(Data in this exercise Opens)

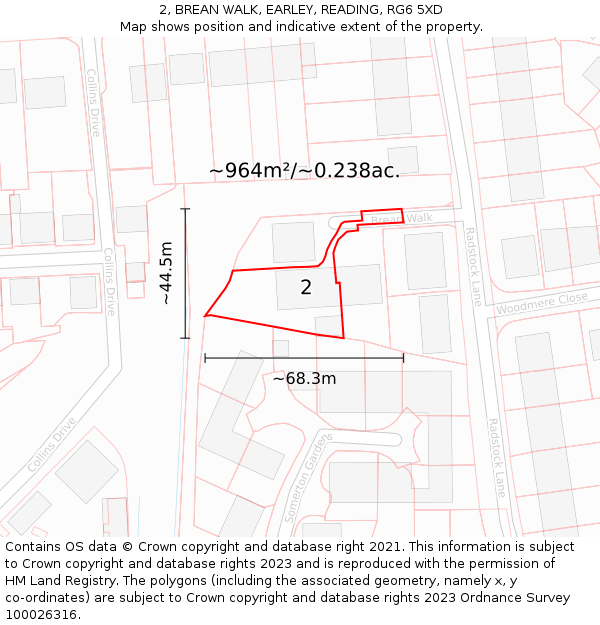 2, BREAN WALK, EARLEY, READING, RG6 5XD: Plot and title map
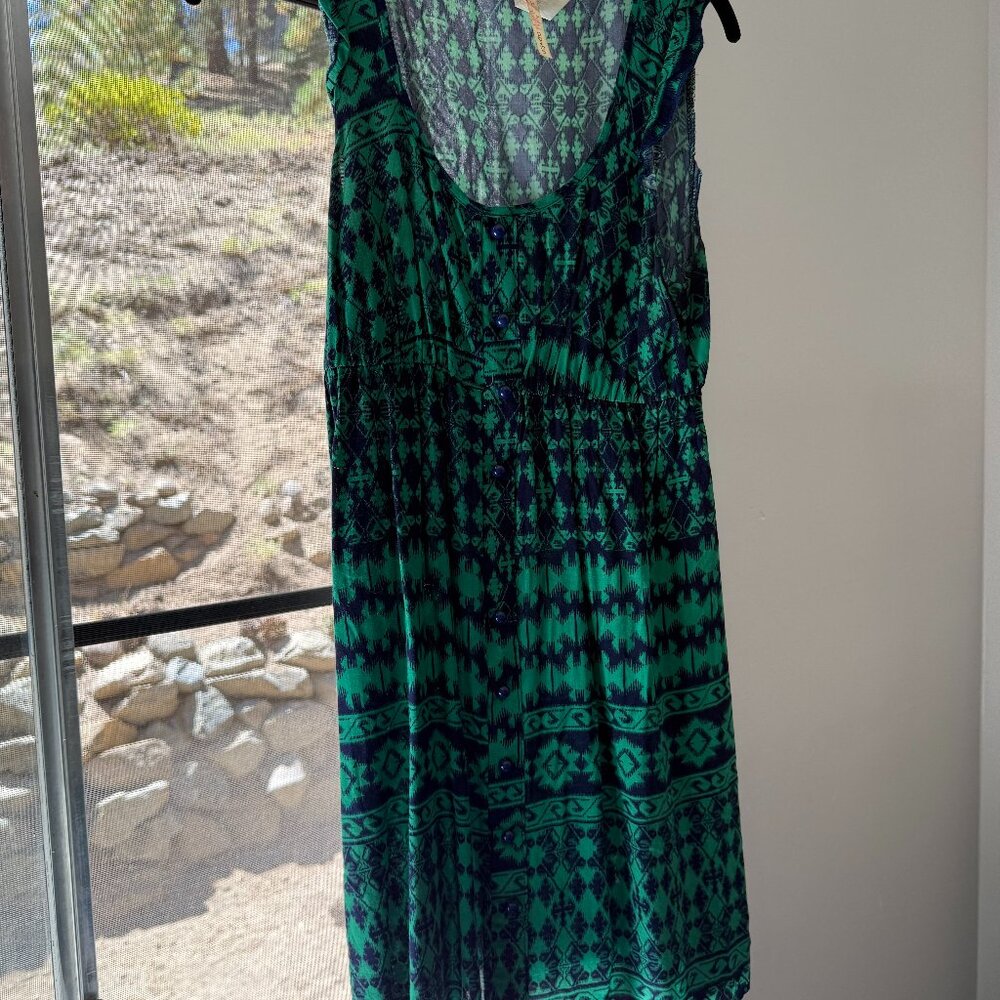 POEMA | Lightweight Blue and Green Dress, Size Medium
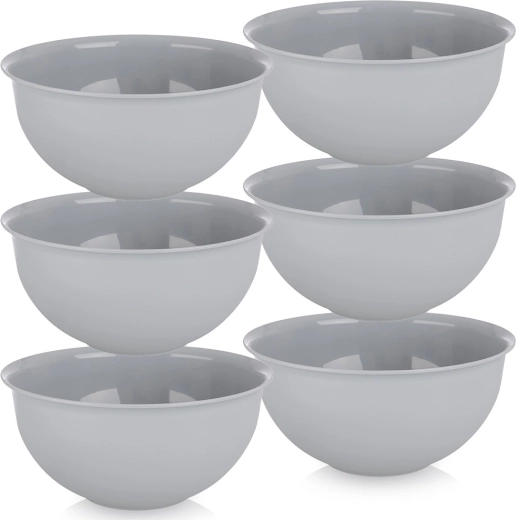 Sandy plastic bowls 13 cm, 500 ml, gray, set of 6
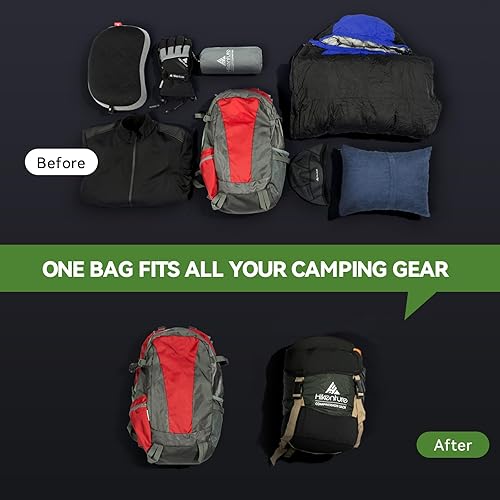 Miniatura 3 de Hikenture Saco de compresión para saco de dormir, saco de dormir de nailon antirdesgarro, bolsa de compresión resistente al agua de 10 L14 L20 L30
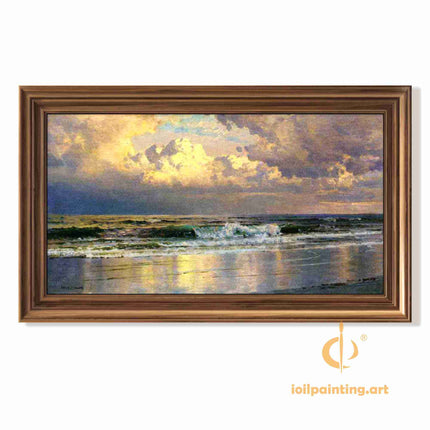"Ivan Aivazovsky 'Sunset Over Stormy Seas' - Hand-Painted Romantic Oil Painting Reproduction | Dramatic Marine Landscape"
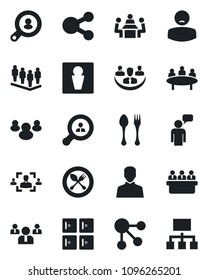 Set of vector isolated black icon - spoon and fork vector, male, checkroom, speaking man, team, meeting, patient, group, user, company, hr, client search, social media, hierarchy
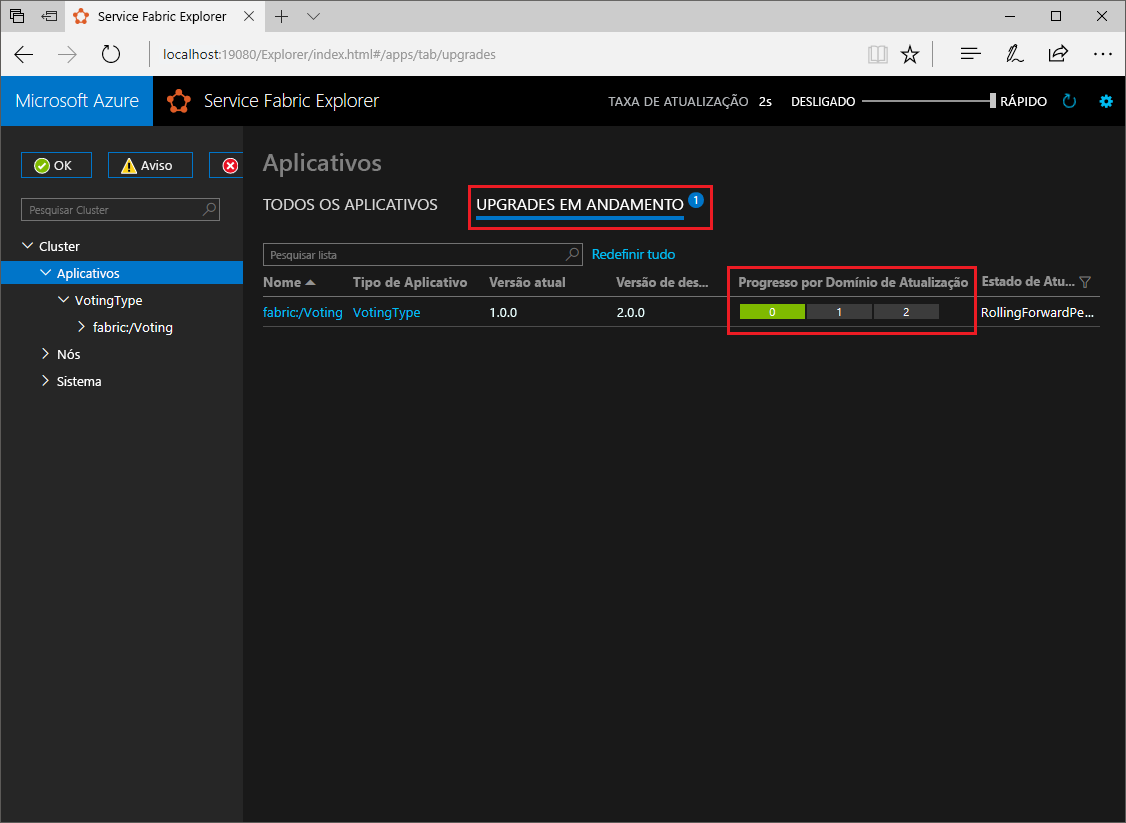 Atualizar Vista no Service Fabric Explorer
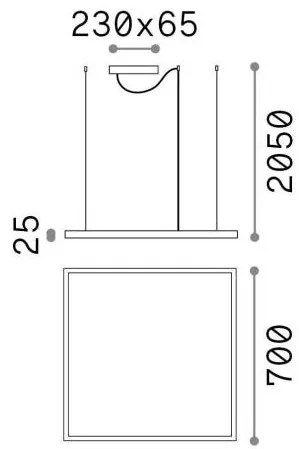 Ideallux oracle slim sp d070 square 3000k on-off bk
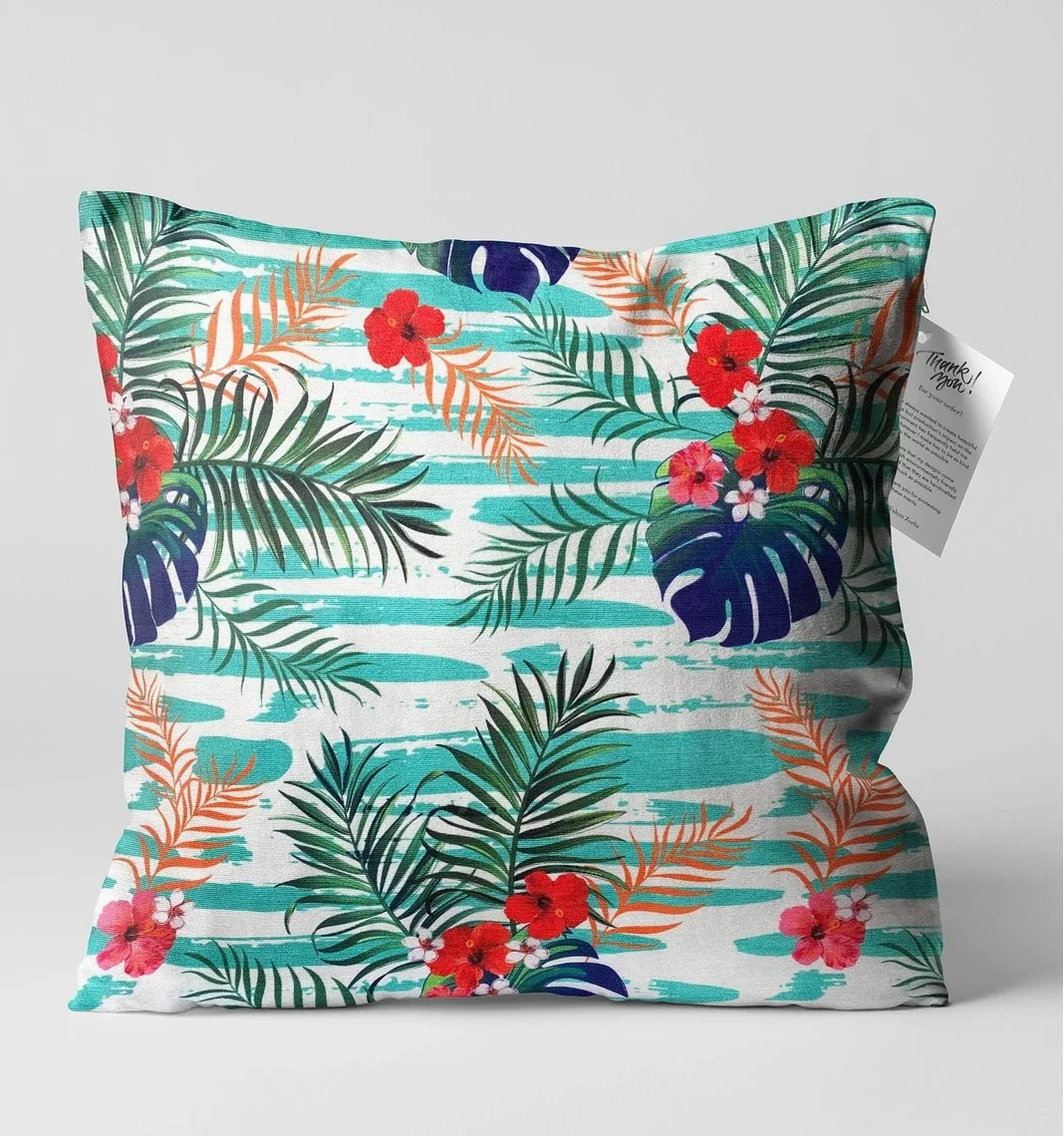 Colorful Tropical Floral Throw Pillow Cover 18x18 Inches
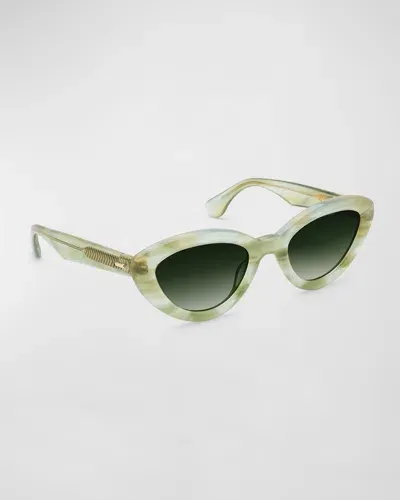 Krewe Sasha Green Acetate Cat-eye Sunglasses In Selene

(Data in this exercise Closes)

### Task objective
All lines from the one containing "Sandy plastic bowls" through the end of the entries above must be given again exactly, with every picture omitted.

### Solution for this problem
 Sandy plastic bowls 13 cm, 500 ml, gray, set of 6
 Miniatura 3 de Hikenture Saco de compresión para saco de dormir, saco de dormir de nailon antirdesgarro, bolsa de compresión resistente al agua de 10 L14 L20 L30
"Ivan Aivazovsky 'Sunset Over Stormy Seas' - Hand-Painted Romantic Oil Painting Reproduction | Dramatic Marine Landscape"
 Set of vector isolated black icon - spoon and fork vector, male, checkroom, speaking man, team, meeting, patient, group, user, company, hr, client search, social media, hierarchy
 Atualizar Vista no Service Fabric Explorer
 Ideallux oracle slim sp d070 square 3000k on-off bk
 Colorful Tropical Floral Throw Pillow Cover 18x18 Inches
 Krewe Sasha Green Acetate Cat-eye Sunglasses In Selene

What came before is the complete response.